^

Headlines

Khalifa’s death a big blow to weakened Abus

- Roel Pareño -
ZAMBOANGA CITY — The death of Osama bin Laden’s brother-in-law Jamal Khalifa is a big blow to the al-Qaeda-linked Abu Sayyaf group’s finance operations in the Philippines, a senior police intelligence official said yesterday.

Khalifa, tagged by military and police authorities as a financier of southern secessionist groups — including the Abu Sayyaf — using various firms as fronts, was killed Wednesday while on a business trip in Madagascar.

"His death will definitely cut the financial channel to the Abu Sayyaf group," said the official, who asked not to be named.

Khalifa, who was married to a Filipina from Zamboanga, operated several foundations and maintained offices both in Central Mindanao and in Zamboanga in the 1970s and 1980s.

The intelligence officer, who holds a position in the joint RP-US counterterrorism operation, said Khalifa set up the International Islamic Relief Organization (IIRO) to extend relief to depressed Muslim areas by building a madrasa and mosques in Basilan, a former bastion of the Abu Sayyaf.

He was reportedly monitored to have tapped an Abu Sayyaf intelligence leader as his provincial director.

The source said the US government learned, through its anti-money laundering group, that the IIRO was allegedly used to launder money and channel funds to militant groups operating in the Philippines.

"It was really seen in public working on relief operations. However, the clandestine operation was unearthed when a former Abu Sayyaf member, with knowledge of the ins and outs of the IIRO’s Philippine-based operation, yielded (information that said) otherwise," the intelligence officer said.

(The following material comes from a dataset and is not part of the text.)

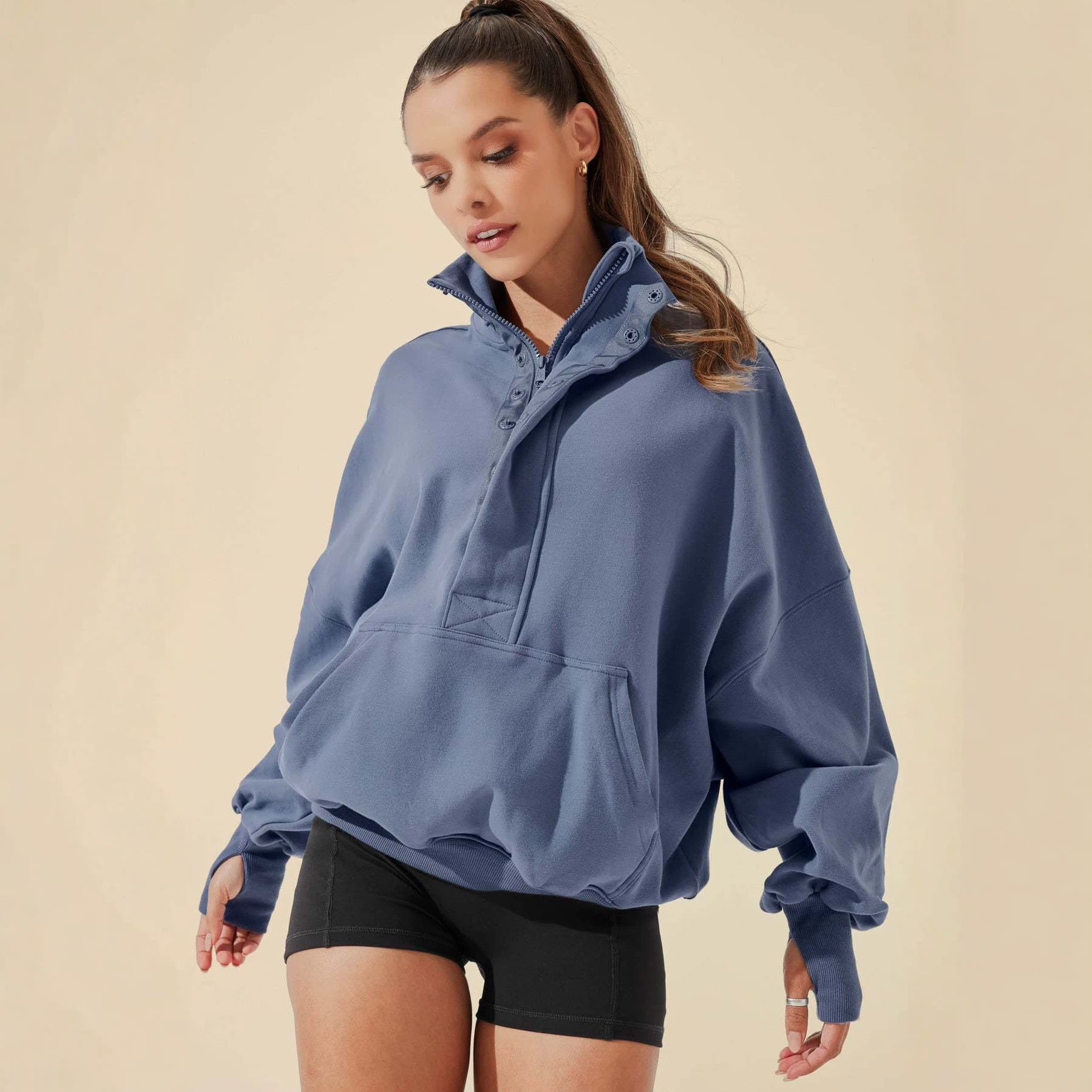 Casual Sporty Button Front Cardigan With Long Sleeves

The intelligence officer said documents show that the IIRO was a legitimate non-government organization that fell into the wrong hands, serving as the Abu Sayyaf’s link with other Islamic extremists during the early 1990s.

Khalifa established the IIRO in late 1980. He then established branches in Basilan, Sulu and Tawi-Tawi, and in the cities of Cotabato and Zamboanga. The IIRO had its main office in Makati City.

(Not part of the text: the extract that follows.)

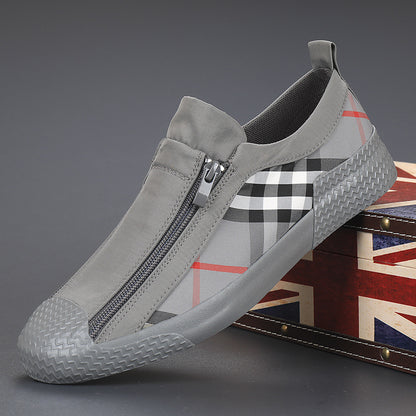 Men's new zipper low cut sport checkered canvas shoes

At the same time that Khalifa established the IIRO, the late Ustadz Abdujarak Abubakar Janjalani founded the Al-Harakatul Al-Islamiya, better known as the Abu Sayyaf in Basilan, according to the source.

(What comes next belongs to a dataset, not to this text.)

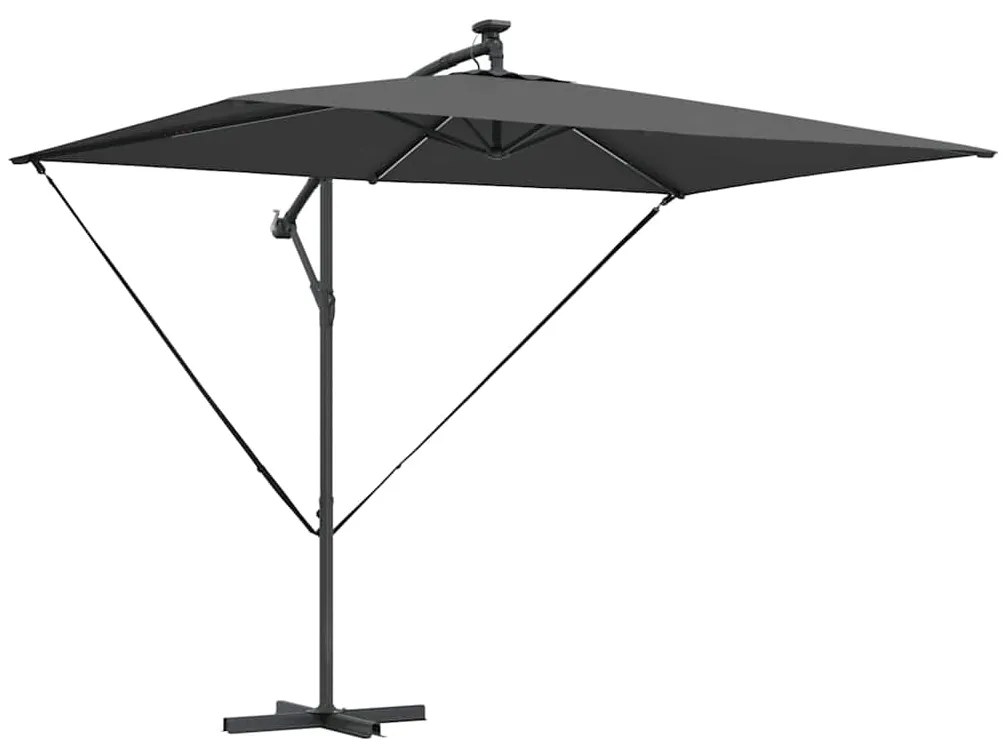 Guarda-sol de Bananeira Cantilever Antracite 294 x 200 x 254 cm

The intelligence officer said the bulk of the funding from the IIRO went to Abu Sayyaf operations, while the scant remainder went to legitimate projects.

He said it was during this time that the Abu Sayyaf, then led by Janjalani, concentrated mostly on attacks and bombings.

The source noted that the bandit group shifted to kidnapping for ransom in the mid-1990s, after Khalifa fled the country in 1994 as American and Philippine authorities uncovered plots by the al-Qaeda to stage deadly attacks.

The IIRO was closed down and banned from operating in the Philippines after US and Philippine authorities found that this organization laundered money to fund terrorist operations, the official said.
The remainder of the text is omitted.